The questions above highlight several points where an attacker’s use of NTLM Coercion techniques can be minimized and mitigated in the attack chain. Here are a few recommendations:

  1. Patch! Keeping your high value servers up to date will ensure they remain safe against newly discovered unauthenticated attacks such as  CVE-2021-36942 and CVE-2022-26925.
  2. Manage/minimize credential attack surface. All other coercion techniques require a domain user credential. 
    1. This is easier said than done. H3 has highlighted just how typical it is for an attacker to obtain credentials, making this type of attack very difficult to defend against.
  3. Minimize the relay attack surface. 
    1. Disabling ADCS’s vulnerable web endpoints
    2. Enable SMB Signing (Low Risk)
    3. Enable LDAP Signing
    4. Audit Machines with Kerberos Unconstrained Delegation
    5. Disable vulnerable services:
      1. PrinterBug – disable Print Spooler service if not required
      2. ShadowCoerce – disable File Server VSS Agent Service if not required.
    6. Filter vulnerable RPC protocols
    7. Disable NTLM authentication on vulnerable services or enable Extended Protection for Authentication (EPA).
    8. Some EDR solutions, such as Microsoft 365 Defender, provide identity security solutions that will block/identify coercion attacks. 
Direct Mitigations

To mitigate unauthenticated NTLM coercion techniques, administrators should patch their vulnerable instances ASAP. 

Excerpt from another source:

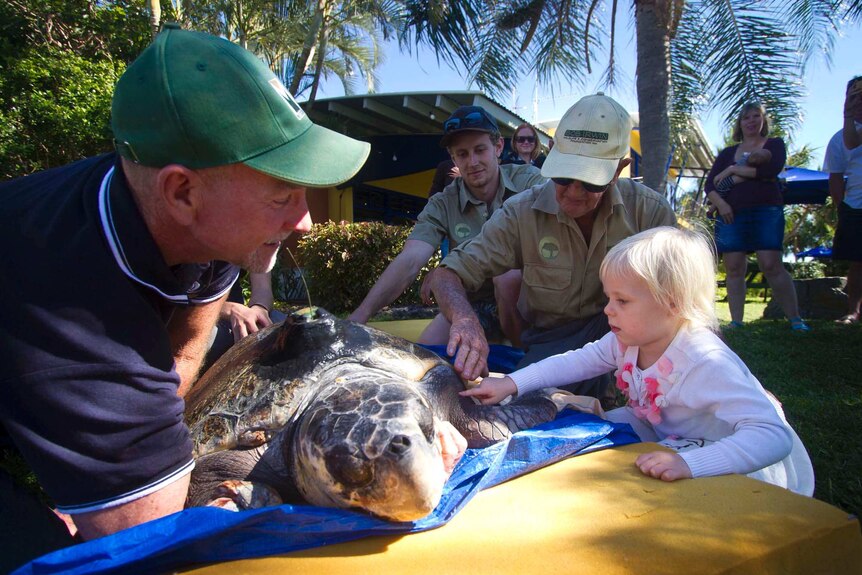 Quoin island rehab centre owner Bob McCosker (left) and Bob Irwin introduce Amanda to three-year-old Liena Bagshaw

Some authenticated techniques can easily be disabled if not being utilized by the enterprise:

  • MS-FSRVP (ShadowCoerce) – disable “File Server VSS Agent Service” on host
  • MS-RPRN (PrinterBug) – disable the Print Spooler service on host

 Others may require an RPC filter to block access to individual protocols if their use is not required. H3 has provided the RPC filters for the following:

Key Takeaways

  • NTLM coercion techniques (such as those utilized by the PetitPotam tool) focus on getting a high value source machine (e.g. a Domain Controller) to authenticate to an attacker-controlled relay server
  • The relay server can relay the authentication material to a myriad of vulnerable target services – providing the attacker access to said target service. Vulnerable Services include:
    • ADCS Web Endpoint (ADCS ESC8)
    • LDAP services with signing disabled
    • Machines with Kerberos Unconstrained Delegation
    • SMB services with signing disabled.
  • PetitPotam != ADCS ESC8
    • Defenders need to mitigate all possible paths that an attacker may utilize to gain additional access in a network if RPC filters are not feasible.
    • SMB Signing Disabled is typically of LOW value for coerced credentials.

In our real-world example, NodeZero was able to compromise the domain in an hour and five minutes using a combination of Man-in-the-Middle techniques, to include using NTLM coercion to relay a Domain Controller’s credentials to an ADCS server. This example highlights the highest level of impact NTLM coercion can have in an environment, but it is only one of several different ways attackers can utilize the technique to gain their objectives.